The Swedish feminist Ebba Witt-Brattström’s book Century Love War has by some been interpreted as a war against her ex-husband.
Witt-Brattström, however, claims that her war is not private but an intellectual war against what she calls the cultural man. At the same time it is a campaign for literary women.
“I consider all our choices in life as political,” she says. “I want women to stop being ashamed of themselves.”
The dialogue In her book Century Love War lets you hear the last, pounding heartbeats of a couple’s shared existence, a man and a woman who has lived together half a life. What was once great love has turned into a drawn out struggle.
“He said: If you desert me you will have only life-long hate ahead of you.
She said: I think either you or I must die.”
Ebba Witt-Brattström is an award-winning author and scholar in comparative literature. She is currently Professor of Nordic Literature at Helsinki University.
Last year Witt-Brattström was in dispute with the Norwegian author and cultural man Karl Ove Knausgard.
Witt-Brattström wondered in a confrontational way why literary men, such as him, can get away with being a male-chauvinistic pig who romanticize sexual fantasies about under-aged women.
Knausgaard evidently read her comment and promptly brought his counter-attack: “I’ve lived here so long that I’ve occasionally wondered whether the cyclops are right, and I’m wrong. Yes, that I actually am a literary pedophile, a latent homosexual Nazi mass murderer.”

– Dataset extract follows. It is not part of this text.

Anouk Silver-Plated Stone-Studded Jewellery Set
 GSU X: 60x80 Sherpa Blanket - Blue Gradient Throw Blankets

Somewhat surprisingly he did not aim at Witt-Brattström. Maybe he considered her too small a target since his anger was on the Swedish people, the entire population, attacking them for their complete inability to deal with ambiguity.
“The book in which I described a grown man’s love for a 13-year-old girl is a novel about an assault, but also a book a book about regression and infantilism,” Knausgaard writes. “The infantile exists all around us. We live in a culture that worships youth, worships the simple and worships the childish.” A novel, on Knausgaard’s account, is the opposite: “It seeks complexity, it seeks ambiguity, it seeks truth in places other than where it formulated in slogans, or where it is framed, hard and unrelenting, rigid and unchangeable.”
Now Witt-Brattstström has written a chocking book about verbal and violent abuse in a relationship closely modeled on her own failed marriage to Horace Engdahl, a literary historian and critic, being a member of the Swedish Academy since 1997.
Century Love War is Ebba Witt-Brattström’s literary debut and is influenced by Märta Tikkanen’s classic novel The Love Story of the Century from 1978.